Nowhere on the site does the center state it addresses people who have been declared "brain dead," which is the same thing as legal death in California and other states.
Dolan said in court filings (PDF) on Monday that the family hopes to move Jahi to the center and that they plan to send her there by air ambulance on a private jet from Oakland to Long Island for $27,950. (PDF) The family has been fundraising to achieve that financial goal. Dolan's filings also sought to compel Children's Hospital to insert a tracheostomy tube and gastric feeding tube into Jahi — surgeries the hospital opposes because doctors do not perform operations on people who are legally dead.
Jahi's story has been making international headlines for the last three weeks, ever since she suffered complications from a tonsillectomy to cure her sleep apnea on Dec. 9. She started coughing up blood about 30 minutes after the surgery, her family said, and suffered a heart attack. She first was declared brain dead on Dec. 12. Two other doctors concurred, including a court-appointed, independent physician.
That doctor, Stanford School of Medicine's Chief of Pediatric Neurology Paul Graham Fisher, wrote of "electrocerebral silence," along with no eye movement, no vocalization, no gag reflex and no spinal reflex, among other findings, in redacted notes (PDF) obtained by NBC Bay Area.
"Overall, unfortunate circumstances in 13-year-old with known, irreversible brain injury and non complete absence of cerebral function and complete absence of brainstem function, child meets all criteria for brain death," Fisher wrote.
However, Dolan cited in court the observations of Dr.
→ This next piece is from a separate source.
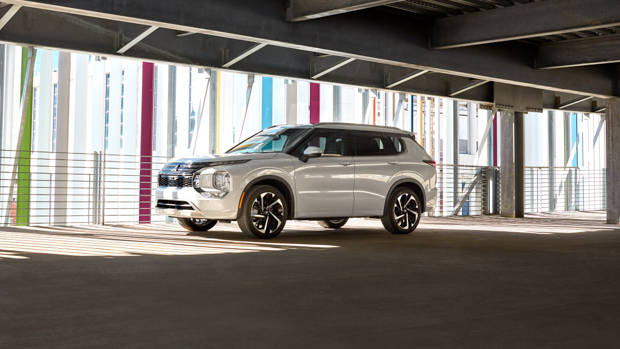 Mitsubishi Outlander 2021 front 3/4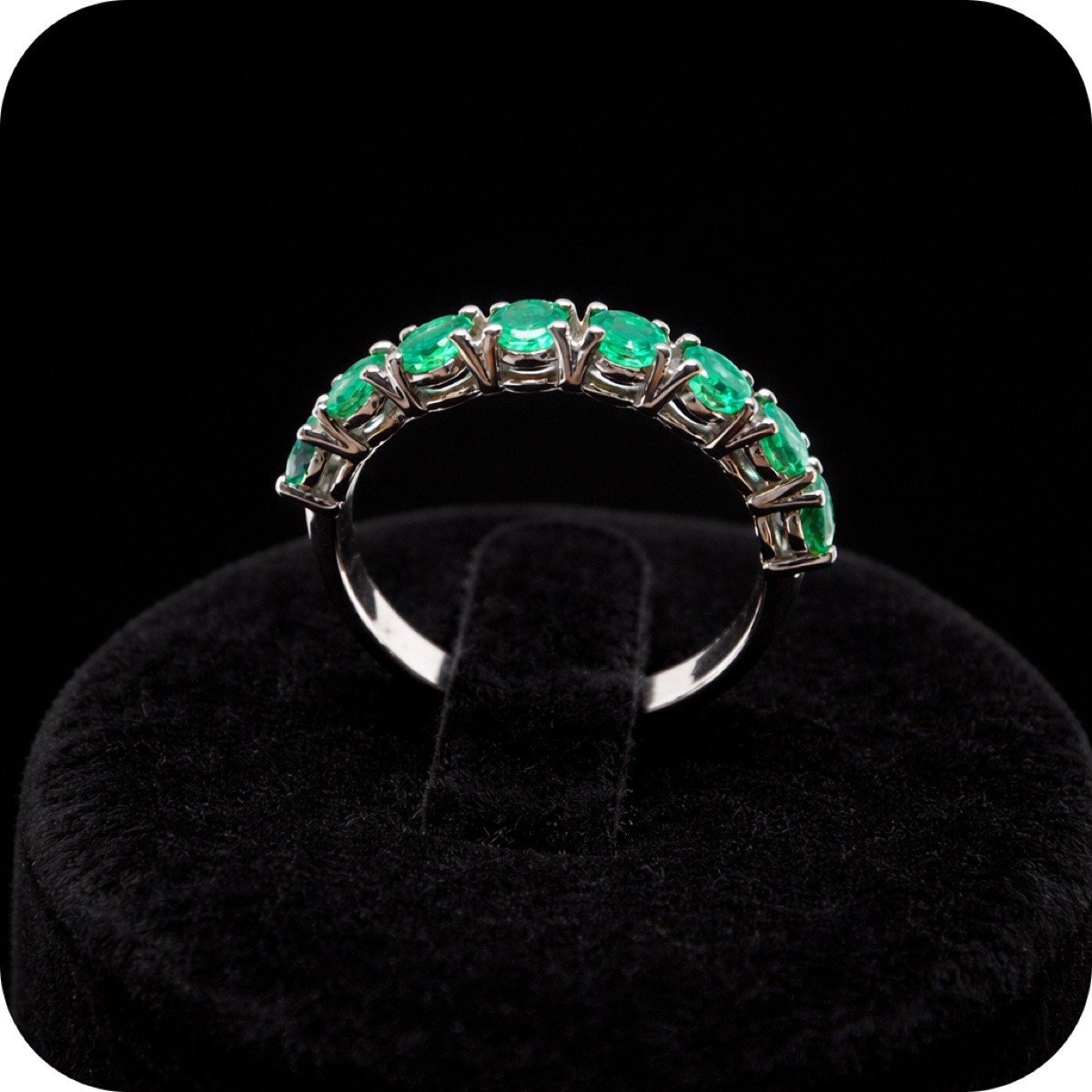 Anillo de esmeraldas colombianas en oro blanco 14K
Paul Byrne of Ohio, a Catholic doctor who told NBC Bay Area in an exclusive Dec. 27 interview he does not believe that brain death is "true death."
With "proper nutrition and care" McMath can have meaningful recovery to the degree that she would not meet the "brain death" criteria, Byrne said in court filings.
Byrne continued that he observed Jahi on Monday, and saw her arms and legs "squirming." In his opinion, he wrote, "this signifies that she is not dead."
The California Department of Health is investigating Children's Hospital Oakland and Jahi's case.
The Associated Press contributed to this report.